Co. B seems to have fewer customers in the area, but are dead reliable, at least by my personal experience. (They probably are cheaper too, otherwise my wife wouldn’t have selected them, but I am not 100% on that. Doesn’t matter.)
So, over the course of the spring and early summer, Co. A’s performance has been especially abysmal. So bad that the township decided it was going to take over garbage collection, collecting extra taxes and using the money to hire a third party company to do the work based on competitive bidding.
As it turns out, they have received exactly one bid, from Co. A.
If the township is not in a position to go back on their decision and reject Co. A out of hand and leave things as they are, we will now have given Co. A a monopoly on local trash collection as a solution to the problem of how badly Co. A is performing the service of local trash collection.
At this point, one might have some questions, such as:
As Co. A was the problem to begin with, why didn’t they explicitly bar them from submitting a bid?
If the bylaws prevented them from barring particular companies from submitting a bid, why didn’t the council make sure other companies would be bidding before deciding on this course of action?
If it wasn’t simply gross incompetence that led to this situation, who got payed by Co. A to ensure that the company got a monopoly on trash collection?
When’s the next election?
Where did those buckets of tar and feathers get to?
It isn’t often one gets such a clear example of governments exacerbating the exact problem they were asked to solve. I am hoping that pressure from voters over the next few meetings will get the council to retract their ridiculous intervention, but that requires that mere incompetency was the driver. I fear that instead this process has worked precisely as intended by those controlling the process.
As I was reading, before I got to the conclusion, I was like, what is the problem here, this is what government does. Yes?
I actually have a piece in the works, about how they don't even bother with a scapegoat anymore.
This is nothing, my friend. You’ve made me want to tell my own story, but I musn’t. I’d be arrested. Not because of anything done wrong, but as a menace to the peace.

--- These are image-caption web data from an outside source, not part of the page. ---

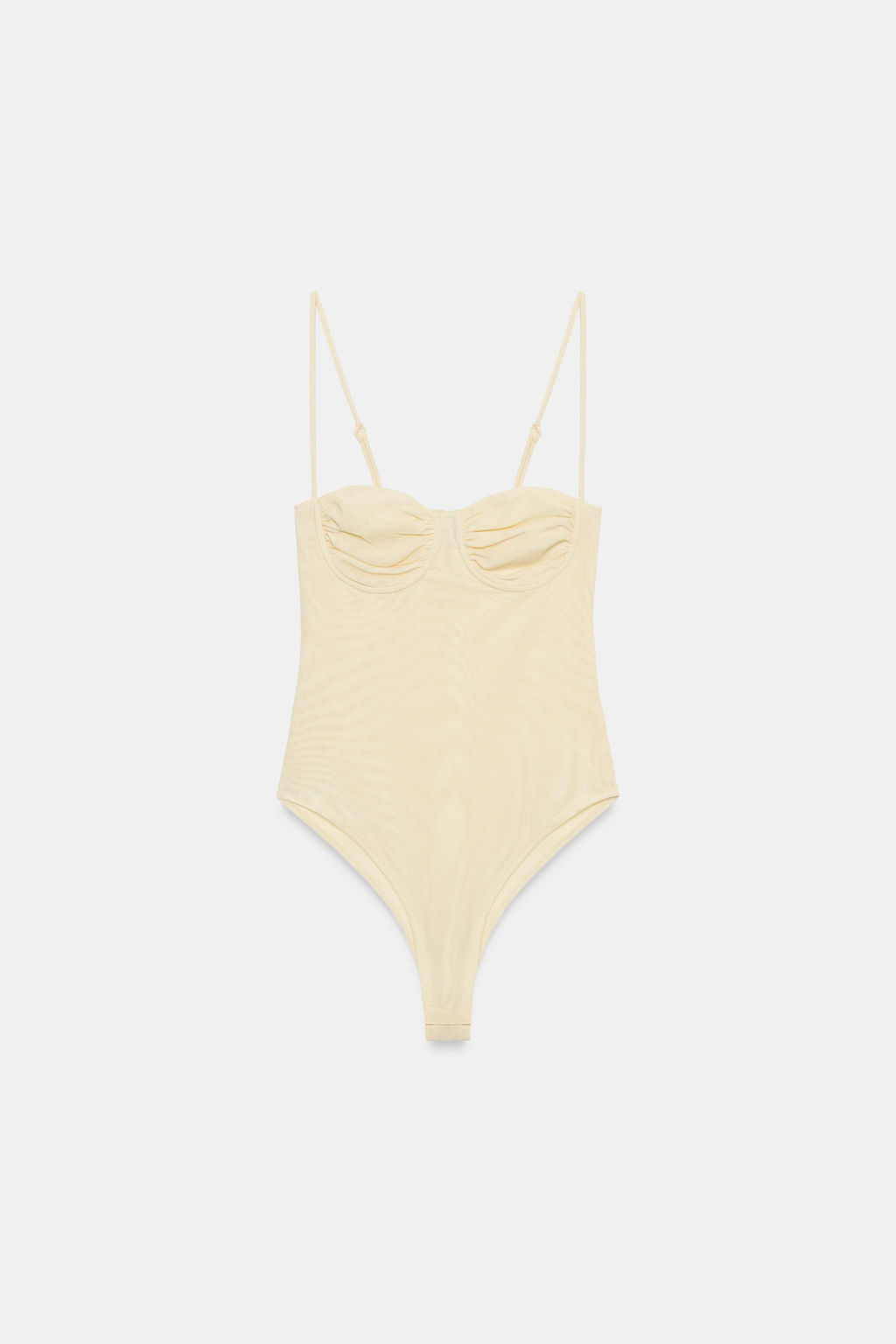 BODY TUL FRUNCES / Amarillo - Zara фото 7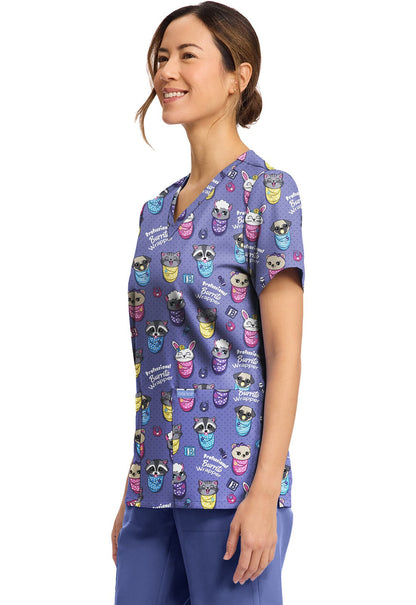 Baby Burritos Cherokee Print V Neck Scrub Top CK856 BYBU - Scrubs Select
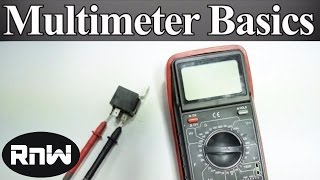 How to Use a Multimeter for Beginners  How to Measure Voltage Resistance Continuity and Amps [upl. by Pitts]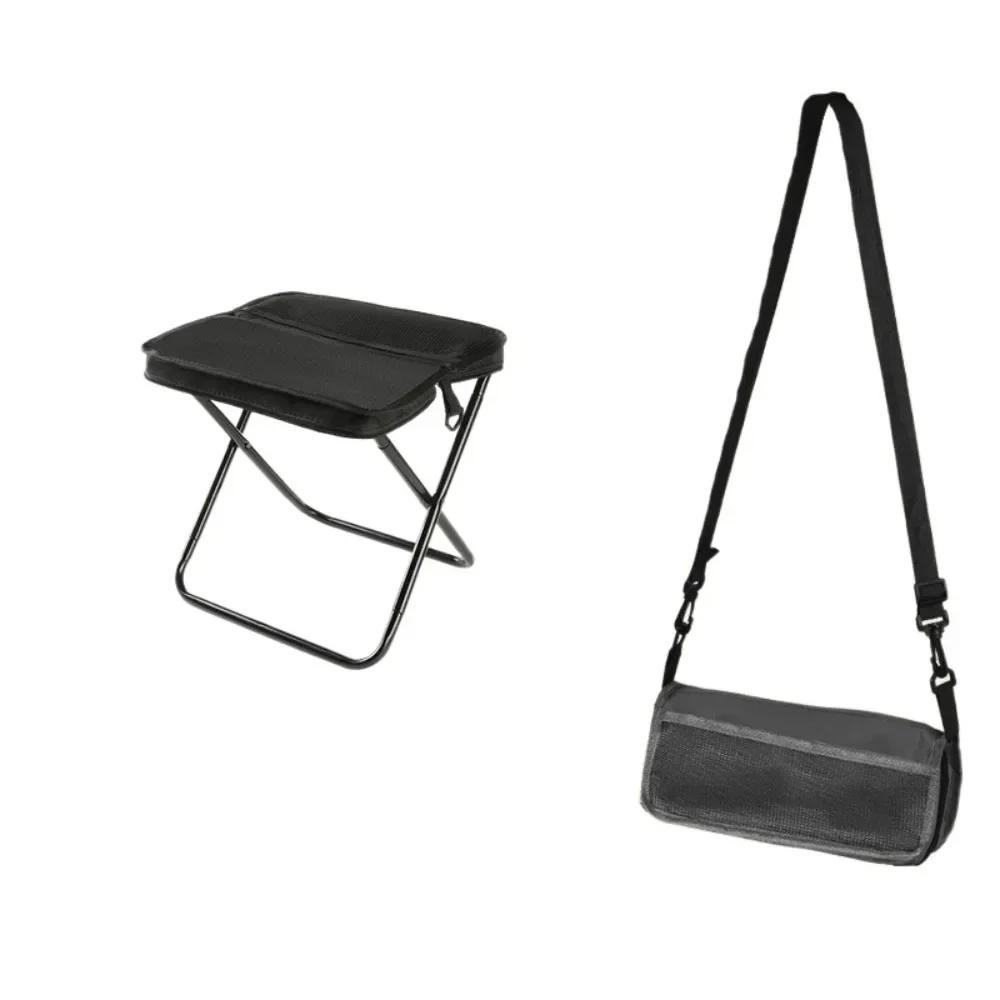 Wear-resistant Folding Backpack Stool Sturdy Crossbody Sports Folding Chair Handbag Style Strong Load-bearing Pencil Case Stool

I will explain that both your problem and mine are due to the same basic issue; otherwise competent people don’t want the job. Township supervisors where I live are paid $1,500 per year. The only reasons anyone would want the job would be 1) to do a service to the community or 2) have power over others.
We have three supervisors and one is a total, everlasting jerk that no one likes. He is deliberate in his authoritarian trespasses on persons he doesn’t like, which is everyone. The road crew hates him, the sewer plant operators hate him, the cops hate him.
That known and expressed, is it any wonder that agencies and departments at the federal level have been weaponized?